Multitenancy with db-per-tenant

tudorghircoias · April 3, 2020, 10:45am

Hi guys,

First of all, I want to thank you, there have been already 3 years since we work with this platform and have done some nice projects with it.
Now we want to begin our biggest projects of all, migrating our ERP-accounting applications on cuba.
We use PostgreSQL as DBMS, and now we have multiple databases which can even be created and dropped at runtime. Actually each database corresponds to a company for which the accounting is managed.
Each database has identical structure, only the name is different. Some users have of course 2 or more companies (there can be even 150) for which they want to use our accounting software. That corresponds to 2, 150 or more databases.
There has been a long discussion with the db-per-tenant approach, explained in this example: GitHub - cuba-labs/db-per-tenant: A multi-tenant CUBA application with separate databases for tenants and discussed here: High productivity application development platform.
It implies a main database in which all the configurations are stored, and addidtional data-stores for the other databases. We tested this and it worked. With this approach there are some limitations explained by Konstantin here: GitHub - cuba-labs/db-per-tenant: A multi-tenant CUBA application with separate databases for tenants. The biggest of them is that all the configurations that are stored in the main database are common between all the other databases.
That time there was version 6.xx, when tenantId wasn’t implemented, but now, with the current version we want to combine tenantId from version 7xx with db-per-tenant. This means that after login the user can choose the database he wants to connect to, and that database should be the tenantId. Doing this we hope we can overcome the limitations explained by Konstantin. That means that all the configurations, although they are stored in the main database, are distinct for each additional database.

With this approach we hit against another issue: a user can be assigned to only one tenant. This means that a user can login to only one database (since tenantId is replaced by the database).
So, should you consider implementing another idea: similar to tenantId there should be a databaseId and treated in the same way? Do you have a better solution?

Thank you.

krivopustov · April 9, 2020, 6:19am

Hi Tudor,

Thank you very much for appreciation of our work!

Unfortunately, I cannot say anything concrete on the topic. As you know, we provide one way for building multi-tenant applications out-of-the-box with the help of Multitenancy add-on. We don’t have unlimited resources and at the moment developing other multi-tenancy solutions is not on our task list. We will certainly come back to this problem later, but I cannot promise any timeframe.

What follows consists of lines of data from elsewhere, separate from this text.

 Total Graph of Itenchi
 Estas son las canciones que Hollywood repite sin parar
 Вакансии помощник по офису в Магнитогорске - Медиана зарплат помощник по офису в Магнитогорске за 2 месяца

Also please don’t forget that it’s open source after all, so you could test your ideas on a fork and provide a PR.

Regards,
Konstantin

stukalov · April 9, 2020, 2:38pm

Hi @tudorghircoias,

What’s the purpose of having a multi-tenant application in your case? Do you need better level of data isolation? Why couldn’t you just have an SSO that redirects you to different installations?

Regards,
Aleksey

tudorghircoias · April 10, 2020, 6:20am

Hi Aleksey,

We need also a good level of data isolation. We have a client with 200 db’s (this is a maximum number but the db’s are quite small in size), so we want to avoid multiple tomcat instances. The resources necessary for a cloud deployment with such many tomcat instances is not feasible.
Or maybe you mean something else, or I’m missing something?

Thanks.

stukalov · April 10, 2020, 10:25am

Hi Tudor,

From my experience having a single app server with multiple dbs is a huge pain when updating the middleware after invasive changes in the database model. I mean that you will need to stop serving all your customers for quite significant time to update each db instance and this time will grow with your customer base. Since you hit, say, 500 this may become not acceptable for some of your clients.

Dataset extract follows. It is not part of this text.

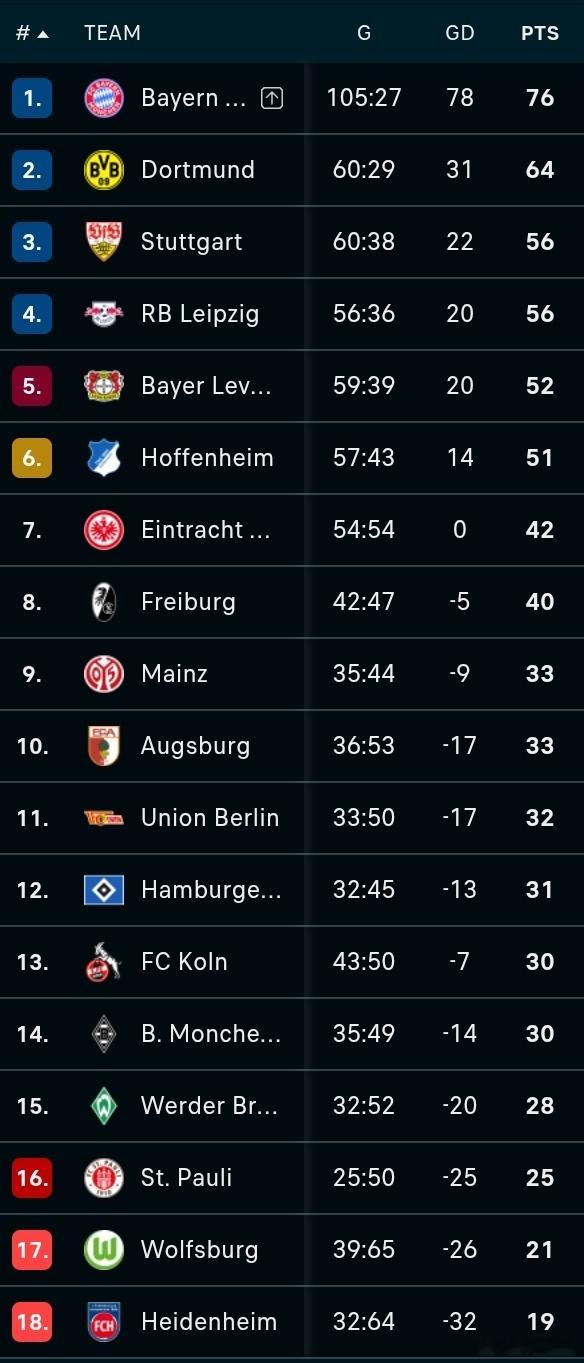 ［德甲第29轮排行］拜仁遥遥领先！拜仁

Also it tremendously grows the mistake price. Any update of you middleware can cause an uncontrollable collapse, as one error in middleware will affect all users at once. If fact you are loosing a chance for the gradual update, when you run a new version for a limited number of your customers for some time and then apply them for the rest of them with full confidence.

I think there is something you are missing - progress in devops :). Deployment can be significantly automated and narrowed down to a simple button click. Copying tomcat is not the preferable way nowadays, docker is mostly used to make maintenance easier. There are different PaaS solutions are available on the market, e.g. OpenShift https://www.openshift.com/ that are intended to help with the operational part.

Finally, if you still want to have a single application server, I would look towards sharding solutions, like this one Database sharding explained in plain English.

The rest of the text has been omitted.